Elstar - Tuesday, November 28, 2017 - linkDo we know for sure that the Omni-Path Skylake CPUs actually use PCIe internally for the fabric port? If you look at Intel's "ark" database, all of the "F" parts have one fewer UPI links, which seems weird.
HStewart - Tuesday, November 28, 2017 - linkI think this was a realistic article on analysis of the two systems. And it does point to important that Intel system is more mature system than AMD EPYC system. My personally feeling is that AMD is thrown together so that claim core count without realistically thinking about the designed.
But it does give Intel a good shot in ARM with completion and I expect Intel's next revision to have significantly leap in technology.

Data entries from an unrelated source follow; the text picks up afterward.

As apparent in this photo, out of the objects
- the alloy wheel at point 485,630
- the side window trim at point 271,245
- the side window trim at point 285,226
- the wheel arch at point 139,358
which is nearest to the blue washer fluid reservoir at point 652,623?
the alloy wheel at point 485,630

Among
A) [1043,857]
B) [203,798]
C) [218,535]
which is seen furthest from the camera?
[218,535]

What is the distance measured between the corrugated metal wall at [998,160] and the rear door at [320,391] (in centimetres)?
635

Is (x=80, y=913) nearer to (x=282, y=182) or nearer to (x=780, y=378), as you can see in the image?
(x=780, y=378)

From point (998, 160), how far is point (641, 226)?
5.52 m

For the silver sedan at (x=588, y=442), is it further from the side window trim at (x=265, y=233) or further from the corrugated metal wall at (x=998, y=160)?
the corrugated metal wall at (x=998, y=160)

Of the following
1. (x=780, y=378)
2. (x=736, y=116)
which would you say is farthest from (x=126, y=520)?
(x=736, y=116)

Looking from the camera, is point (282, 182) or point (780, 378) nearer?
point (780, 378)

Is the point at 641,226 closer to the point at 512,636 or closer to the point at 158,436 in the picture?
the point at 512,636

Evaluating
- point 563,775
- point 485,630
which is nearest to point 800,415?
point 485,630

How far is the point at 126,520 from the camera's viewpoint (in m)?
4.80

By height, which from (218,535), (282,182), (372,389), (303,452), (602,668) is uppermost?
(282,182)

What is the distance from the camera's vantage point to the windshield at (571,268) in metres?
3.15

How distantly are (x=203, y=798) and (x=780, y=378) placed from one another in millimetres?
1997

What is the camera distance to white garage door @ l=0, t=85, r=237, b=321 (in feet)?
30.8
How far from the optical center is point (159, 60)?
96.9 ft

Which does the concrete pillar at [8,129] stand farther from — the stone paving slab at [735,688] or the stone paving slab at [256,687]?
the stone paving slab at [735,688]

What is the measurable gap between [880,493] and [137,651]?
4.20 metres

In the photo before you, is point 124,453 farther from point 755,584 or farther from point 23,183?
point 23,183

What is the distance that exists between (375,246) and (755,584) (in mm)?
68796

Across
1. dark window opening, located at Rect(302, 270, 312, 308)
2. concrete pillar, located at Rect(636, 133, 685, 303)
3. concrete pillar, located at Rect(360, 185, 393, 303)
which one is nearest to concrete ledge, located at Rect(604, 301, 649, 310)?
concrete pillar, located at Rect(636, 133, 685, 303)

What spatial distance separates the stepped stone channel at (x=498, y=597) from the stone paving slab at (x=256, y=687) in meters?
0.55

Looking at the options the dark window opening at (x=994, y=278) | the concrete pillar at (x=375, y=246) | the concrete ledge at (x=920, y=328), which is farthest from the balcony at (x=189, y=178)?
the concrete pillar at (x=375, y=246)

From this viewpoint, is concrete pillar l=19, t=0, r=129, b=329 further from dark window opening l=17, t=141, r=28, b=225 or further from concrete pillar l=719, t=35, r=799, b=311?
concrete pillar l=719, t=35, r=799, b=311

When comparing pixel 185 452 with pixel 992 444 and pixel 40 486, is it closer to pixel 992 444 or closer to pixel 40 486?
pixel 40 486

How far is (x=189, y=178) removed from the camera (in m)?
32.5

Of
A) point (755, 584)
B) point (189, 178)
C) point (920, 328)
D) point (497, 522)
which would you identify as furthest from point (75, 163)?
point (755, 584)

I did like the systems for similarly configured - as the cost, I build myself 10 years a dual Xeon 5160 that was about $8000 - but it was serious machine at the time and significantly faster than normal desktop and last much longer. It was also from Supermicro and find machine - for the longest time it was still faster than a lot machine you can get at BestBuy - it has Windows 10 on it now and still runs today - but I rarely used it because I like the portability of laptops
gescom - Tuesday, November 28, 2017 - linkhttps://www.servethehome.com/wp-content/uploads/20...
And suddenly - 8 core 6134 Skylake-SP - equals - 32 core Epyc 7601.
Amazing. Really amazing.
gescom - Tuesday, November 28, 2017 - linkHuh, I forgot - and that is Skylake at 130W vs Epyc at 180W.

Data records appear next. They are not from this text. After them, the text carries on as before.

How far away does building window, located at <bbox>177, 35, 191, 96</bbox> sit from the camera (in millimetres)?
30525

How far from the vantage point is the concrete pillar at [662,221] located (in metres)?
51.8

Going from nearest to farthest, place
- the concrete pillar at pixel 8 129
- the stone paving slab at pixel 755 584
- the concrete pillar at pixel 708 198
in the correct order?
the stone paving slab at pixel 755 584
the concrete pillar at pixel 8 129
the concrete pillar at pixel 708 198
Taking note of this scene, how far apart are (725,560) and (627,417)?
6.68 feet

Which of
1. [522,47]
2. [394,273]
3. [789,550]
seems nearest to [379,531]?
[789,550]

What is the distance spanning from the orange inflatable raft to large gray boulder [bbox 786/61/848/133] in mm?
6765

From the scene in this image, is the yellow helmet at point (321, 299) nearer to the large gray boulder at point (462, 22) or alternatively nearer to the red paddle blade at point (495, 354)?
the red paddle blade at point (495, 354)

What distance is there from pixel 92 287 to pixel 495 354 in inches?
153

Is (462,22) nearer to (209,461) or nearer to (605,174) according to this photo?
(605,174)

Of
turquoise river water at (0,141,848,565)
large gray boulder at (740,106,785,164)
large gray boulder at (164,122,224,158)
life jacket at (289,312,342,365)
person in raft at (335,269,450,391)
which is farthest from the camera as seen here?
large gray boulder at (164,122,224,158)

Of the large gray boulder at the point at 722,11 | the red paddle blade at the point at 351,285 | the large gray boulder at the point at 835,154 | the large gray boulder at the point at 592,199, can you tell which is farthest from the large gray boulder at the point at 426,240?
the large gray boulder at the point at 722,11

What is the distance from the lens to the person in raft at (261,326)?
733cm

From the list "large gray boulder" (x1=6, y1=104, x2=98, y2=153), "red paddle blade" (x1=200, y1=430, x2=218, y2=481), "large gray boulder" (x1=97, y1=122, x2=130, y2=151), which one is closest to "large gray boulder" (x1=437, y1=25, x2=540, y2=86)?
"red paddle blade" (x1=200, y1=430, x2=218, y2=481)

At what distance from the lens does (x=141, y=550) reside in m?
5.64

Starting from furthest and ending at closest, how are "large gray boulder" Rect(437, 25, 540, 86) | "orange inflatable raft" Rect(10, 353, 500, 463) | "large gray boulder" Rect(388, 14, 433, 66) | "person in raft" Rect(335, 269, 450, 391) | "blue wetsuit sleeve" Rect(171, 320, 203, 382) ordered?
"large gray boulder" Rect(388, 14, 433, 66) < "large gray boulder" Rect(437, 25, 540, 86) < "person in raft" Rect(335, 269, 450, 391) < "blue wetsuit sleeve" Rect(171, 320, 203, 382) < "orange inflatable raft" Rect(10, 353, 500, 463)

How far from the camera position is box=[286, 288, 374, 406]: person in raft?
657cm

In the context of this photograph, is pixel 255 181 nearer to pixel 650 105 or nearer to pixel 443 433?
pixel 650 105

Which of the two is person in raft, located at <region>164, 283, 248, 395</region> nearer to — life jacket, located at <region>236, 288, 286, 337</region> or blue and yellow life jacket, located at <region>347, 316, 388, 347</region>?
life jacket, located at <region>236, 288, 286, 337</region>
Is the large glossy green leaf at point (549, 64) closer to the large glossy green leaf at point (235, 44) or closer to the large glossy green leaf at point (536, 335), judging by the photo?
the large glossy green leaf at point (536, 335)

ddriver - Tuesday, November 28, 2017 - linkGromacs is a very narrow niche product and also very biased - they heavily optimize for intel and nvidia and push amd products to take an inefficient code path.
HStewart - Tuesday, November 28, 2017 - linkThis is comparison with AVX2 / AVX512
AVX512 is twice as wide as AVX2 and significant more power than the AVX2 - so yes it very possible in this this test that CPU with 1/4 the normal CPU cores can have more power because AVX512.
Also I heard AMD's implementation of AVX2 is actually two 128 bits together - these results could show that is true.